Si ahí hay una vida diferente, otorgar a la madre el derecho a aniquilarla es una decisión cargada de implicaciones tanto jurídicas como morales. Básicamente, estamos concediendo a una persona el derecho a eliminar la vida de otra. Si el modelo se aplicara a la relación entre la policía y el delincuente, entre el juez y el reo, entre el amo y el siervo o entre el siervo y el amo, nadie dudaría en levantar la voz: sería una intolerable manifestación de barbarie. ¿Hay alguna diferencia entre cualquiera de esos casos y el de conceder a la madre el derecho a aniquilar a un hijo? No faltará quien diga que sí. Bien: ¿cuál? Porque no termina de verse.
Como este asunto es evidente incluso para los abortistas, el Gobierno ha inventado un subterfugio que es el de la “vida viable”: el aborto será libre mientras el feto no sea viable, circunstancia que la ministra de Igualdad fija arbitrariamente en la semana veintidós. El argumento parece sensato, pero sólo superficialmente. En realidad es monstruoso. ¿Por qué? Porque subordina el derecho a vivir a la “viabilidad” de esa vida. ¿Y qué quiere decir “viabilidad”? ¿Autosuficiencia? Según eso, sería legítimo exterminar a cualesquiera ciudadanos, ancianos o enfermos, que no puedan valerse por sí mismos. Se olvida deliberadamente, por otro lado, que en condiciones normales el feto es siempre viable: su viabilidad consiste precisamente en permanecer ahí dentro hasta que le llegue el momento de salir. Un feto no es una pre-vida: es una vida cuya circunstancia específica se desenvuelve en el interior de la madre.

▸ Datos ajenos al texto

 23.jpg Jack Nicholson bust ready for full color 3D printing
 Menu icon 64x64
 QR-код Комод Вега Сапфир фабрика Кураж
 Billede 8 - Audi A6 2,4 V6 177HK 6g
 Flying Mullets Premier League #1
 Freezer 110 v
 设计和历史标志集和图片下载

En el aborto hay un conflicto de intereses entre la madre y el niño no nacido, dice la ministra Aído. ¿”Intereses”? Aceptémoslo, pero ¿hay en nuestra sociedad algún otro caso de “conflicto de intereses” que se resuelva suprimiendo la vida de una de las partes? No. En consecuencia, si se reconoce tal conflicto, lo más sensato sería solucionarlo por la vía menos cruenta. Un buen camino podría consistir en prestar asistencia psicológica a esa madre para que resuelva su “conflicto”. ¿Acaso no se hace lo mismo, y con cargo al erario público, cuando un adolescente tiene conflictos con sus padres, o cuando un trabajador tiene conflictos con su jefe? Otro buen camino podría consistir en ayudar a la mujer a terminar ese embarazo y después dar el niño en adopción; en España hay miles de familias que tienen que marcharse a China o a Etiopía para adoptar a un niño. ¿Por qué no ponérselo más fácil?

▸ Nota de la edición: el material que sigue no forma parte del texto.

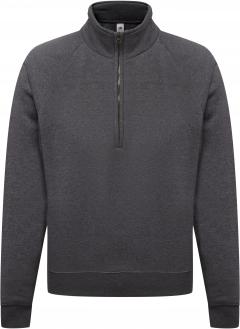 Dark Heather Grey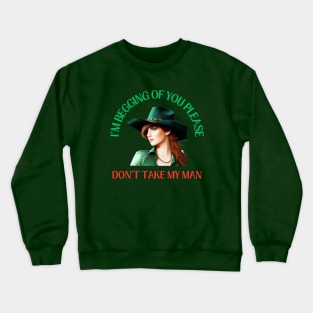 Jolene Merch Crewneck Sweatshirt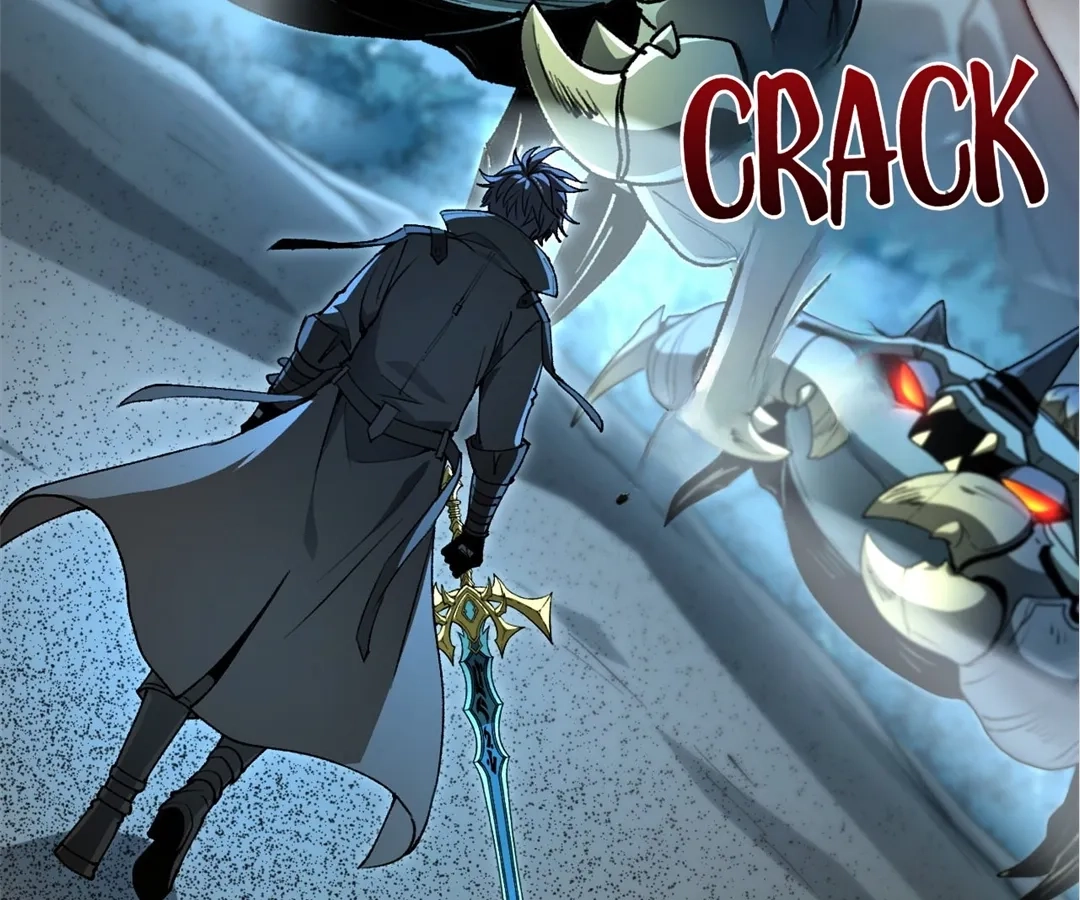Read The Summoner: Apocalypse Rewinds chapter 98 image 99 on Lezhin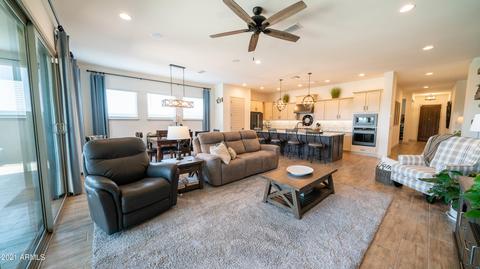 9901 E Tesla Ave, Mesa, AZ 85212 photo 13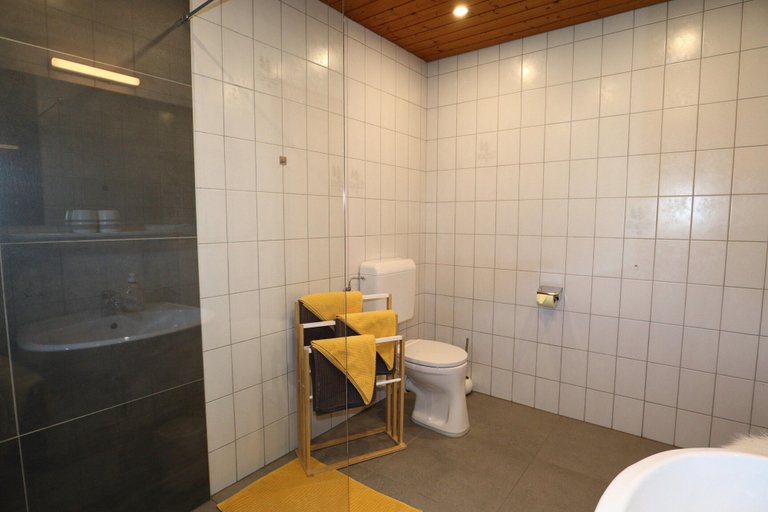 Bathroom 5, Apartments Home Mario, See im Paznauntal, Landeck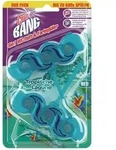 Cillit Bang WC-Duftsp&uuml;ler Duo 6in1 2x35g Tropische Lagune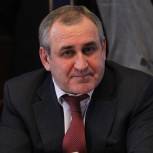 «Единая Россия» о планах на 2016 год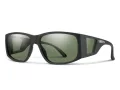 Smith Lunettes de Soleil SM Monroe Peak 003/L7
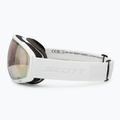 Lyžařské brýle SCOTT Unlimited II OTG LS mineral white/light sensitive bronze chrome 4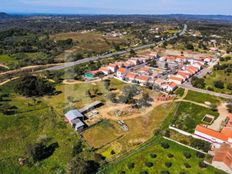 Terreno in vendita a Santiago do Cacém Distrito de Setúbal Santiago do Cacém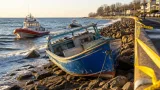Search suspended after Bedford man’s unoccupied boat found on York shoreline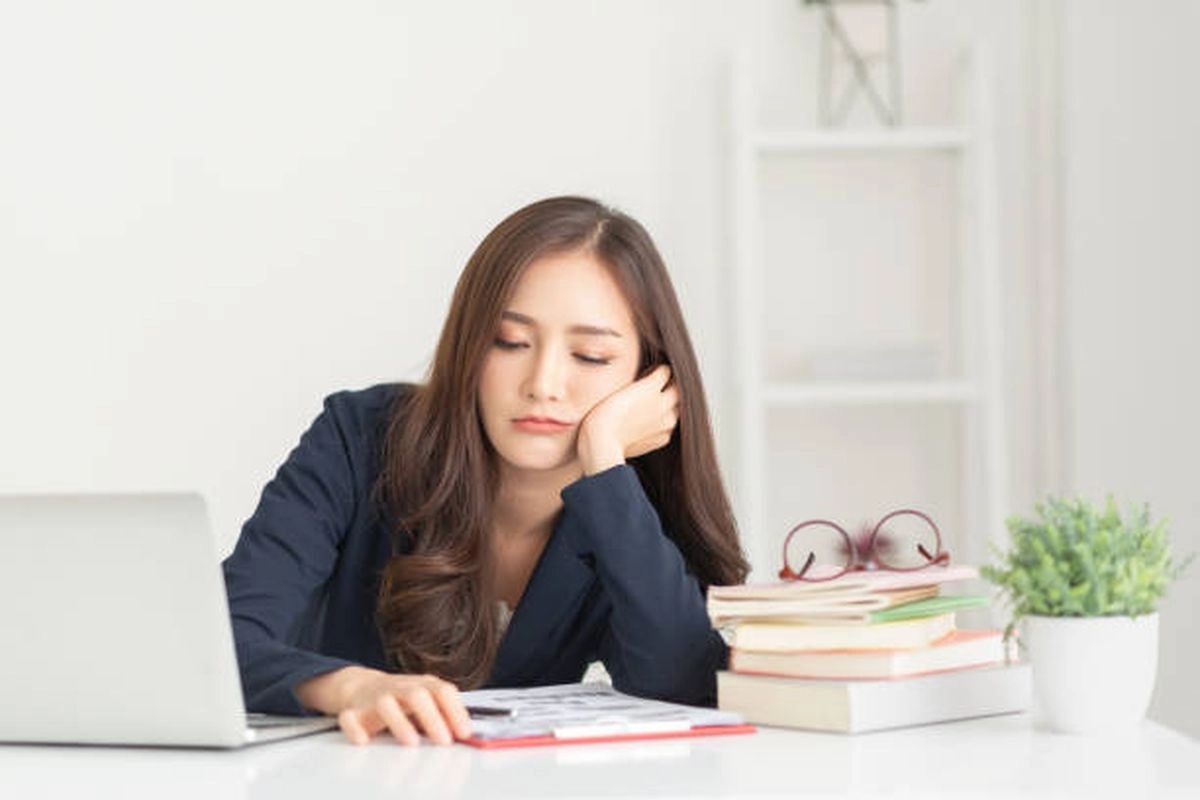 5 Tips Kembali Produktif Setelah Liburan, Istirahat Sehari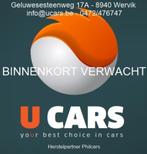 Binnenkort verwacht - Ford Fiesta 1.0i Ecoboost AUTOMAAT, Auto's, Stof, Bedrijf, 5 zetels, 5 deurs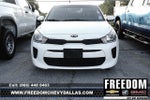2019 Kia Rio LX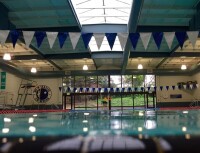 Patullo swim center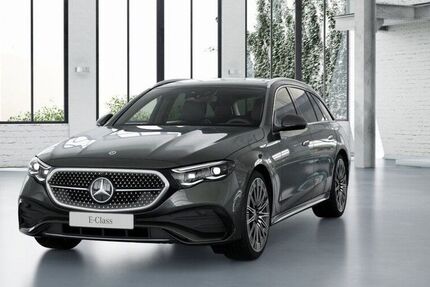 Mercedes E 450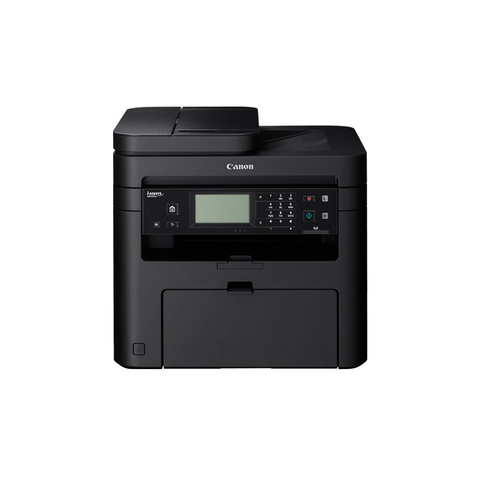 Máy in Laser đa chức năng Canon MF237w (In|Scan|Copy|Fax + WiFi)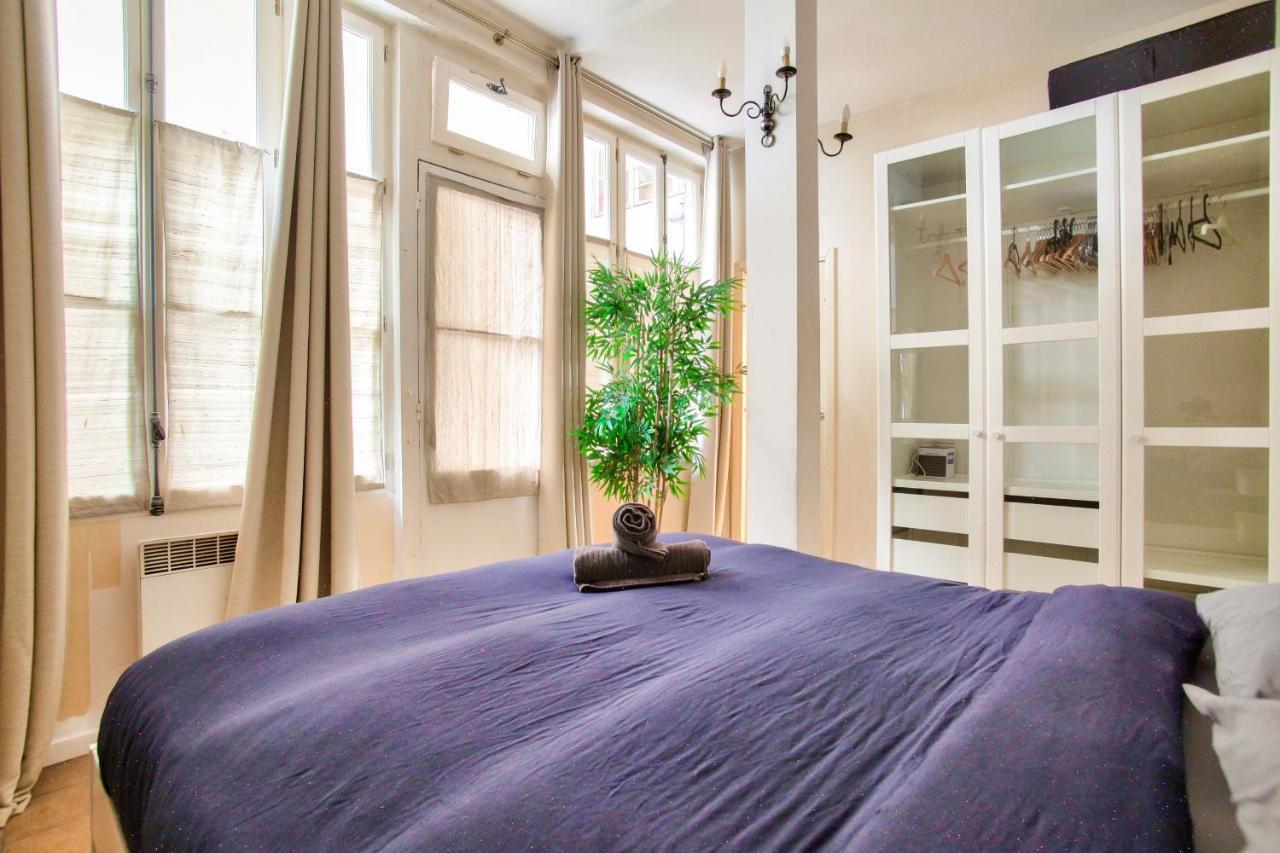 Luxurious 2 Bedrooms Louvre Moulins Free Netflix Appartement *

Intelectualmente hablando, todo esto no hay por dónde cogerlo. La reforma de la ley del aborto que se propone este Gobierno es puro nihilismo. Niega la evidencia científica –la existencia de una vida singular en el embrión–, destruye un principio elemental del derecho –no puedes acabar libremente con la vida del prójimo–, convierte un mal objetivo en un derecho subjetivo, lleva la voracidad del Estado hasta el mismo vientre de las madres y crea un vacío moral. De paso, descarga el peso del fardo sobre unas mujeres que, hoy más que nunca, tienen sobradas razones para pensar que los demagogos las manipulan por puro interés político.
Ese Manifiesto de los Mil es el testimonio de una sociedad que no ha perdido el juicio, y es también la voz de la inteligencia contra la arbitrariedad sectaria de los dogmáticos. Los dogmáticos tienen hoy la fuerza, pero la razón está en la otra parte.